An auspicious year ahead

Before giving you an update on our current bear programmes, please, on behalf of all in the Animals Asia team, can I wish you a happy, healthy and peaceful New Year – and the best of everything in 2008. With our 10th anniversary looming on 8 August 2008, and the Chinese lucky number “8” featuring prominently in this auspicious date, we feel that this is going to be a special year ahead.

8/8/2008 is being celebrated across the whole of China as it does, of course, herald the start of the Beijing “Green” Olympic Games. It is also our opportunity of making a heartfelt plea to the authorities here to please give the bears their day and release them from their torture.

One of China’s flagship species, these beautiful Moon Bears have given their lives over nearly three decades for a substance that is so unnecessary in the world of traditional medicine today.

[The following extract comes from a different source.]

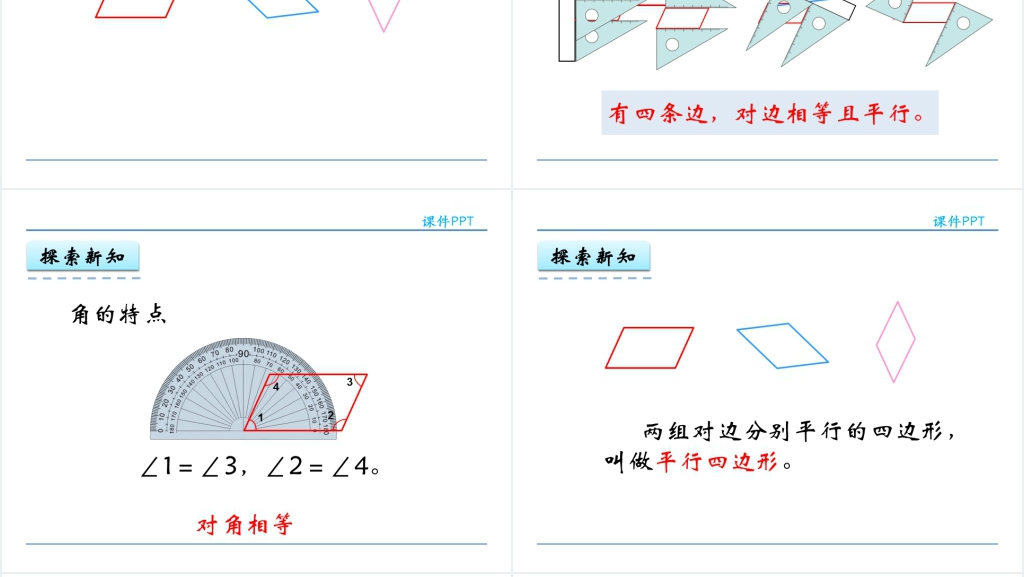 人教实验版四年级数学上册第5单元 平行四边形和梯形3认识平行四边形PPT课件 人教实验版四年级数学上册第5单元 平行四边形和梯形3认识平行四边形PPT课件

Now, as China celebrates being green and environmentally conscious, we ask that these endangered, majestic animals be freed. 

Indeed, taking this message to the new Head of the Sichuan Forestry Protection Department less than two weeks ago, we had a surprising and very welcome message in return. She was listening to our evidence, promising to look more into the industry and, in the meantime, would free bears into our care before the end of March! 

Something not only to celebrate, but to prepare for as we welcome another group of battered, miserable souls “home”. We still don’t know how many bears this means – and may not until after Chinese New Year celebrations are over towards the end of February – but if it is one or 100, the difference to those individual animals will mean the world to them.

In Vietnam, we are still on standby to rescue nearly 80 bears from illegal farms in Ha Long Bay, near Hanoi. The official proposal from the Hanoi Government has at last been responded to by the Prime Minister himself (after frustrating delays towards the end of last year) and more questions must be answered by various other ministries before these bears can be confiscated into our care.

It’s hard to be patient isn’t it? But having seen the PM’s letter for ourselves, we know that the cogs of politics here in Vietnam roll slowly round and we remain confident that sooner or later caged and farmed bears will arrive with our team. After the frustrations and delays of the last couple of years it seems that in both China and Vietnam, something good for the bears is happening at last.